Especulação cultural
Não conheço Alfonso Tarallo pessoalmente, ainda falta o olho no olho que ele mencionou (e concordei) no fechado grupo do Facebook do "Povo da Cultura". Conselhos (e também Comissões) devem ser efetivamente dotados de instrumentos para garantir democracia real, como disse Alfonso, para que decisões não fiquem centralizadas somente na administração, que de vez em quando atende interesses apenas particulares.
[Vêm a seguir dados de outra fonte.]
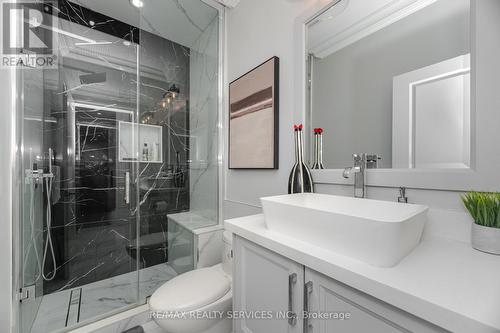 19 Richland Crescent, Brampton, ON - Indoor Photo Showing Bathroom
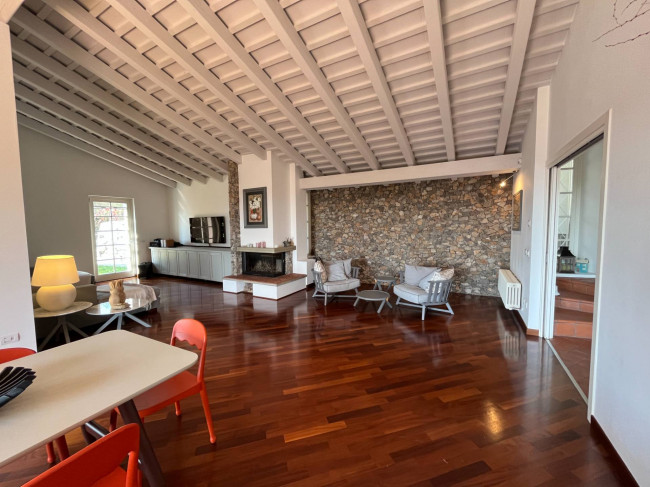 Villa in vendita a Medea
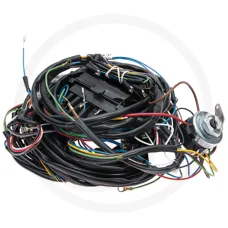 AGTECH 65642342000M — Instalacja elektryczna - komplet połączenie na prądnicę Ursus MF C-330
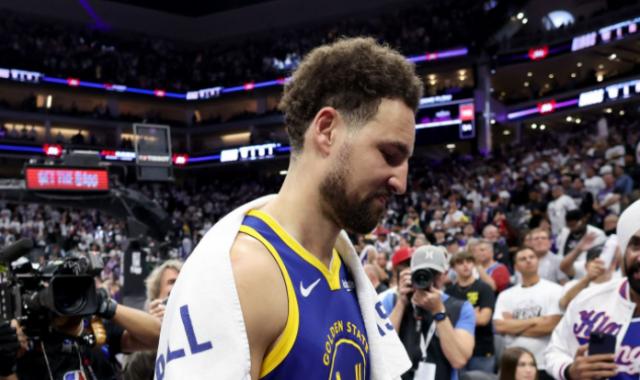 球天下体育平台-花最多的钱，挨最毒的打！勇士一年花3.8亿联盟第一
Mas há um risco, que é o da apropriação, pelos Conselhos, de práticas não democráticas e de políticas públicas orientadas para interesses particulares. É difícil entender, por exemplo, como um município com tamanha carência nas áreas da saúde e da educação, com as quais tem obrigação constitucional, use recursos da educação para erigir um teatro, escondido sob o nome oficial de Centro do Professorado. O mercado cultural é promissor, em Ubatuba, razão suficiente para que a iniciativa privada se entusiasme com o potencial nicho e o explore com recursos próprios. Teatro, em tempos atuais, não parece ser prioridade para a imensa maioria da população cujo programa mais cultural a que tem acesso é a novela de televisão. Fica a impressão de que foi um imenso, um enorme pires passado para obter recursos do poder público.
- texto publicado originalmente na Revista Eletrônica O Guaruçá, em 21/12/2012.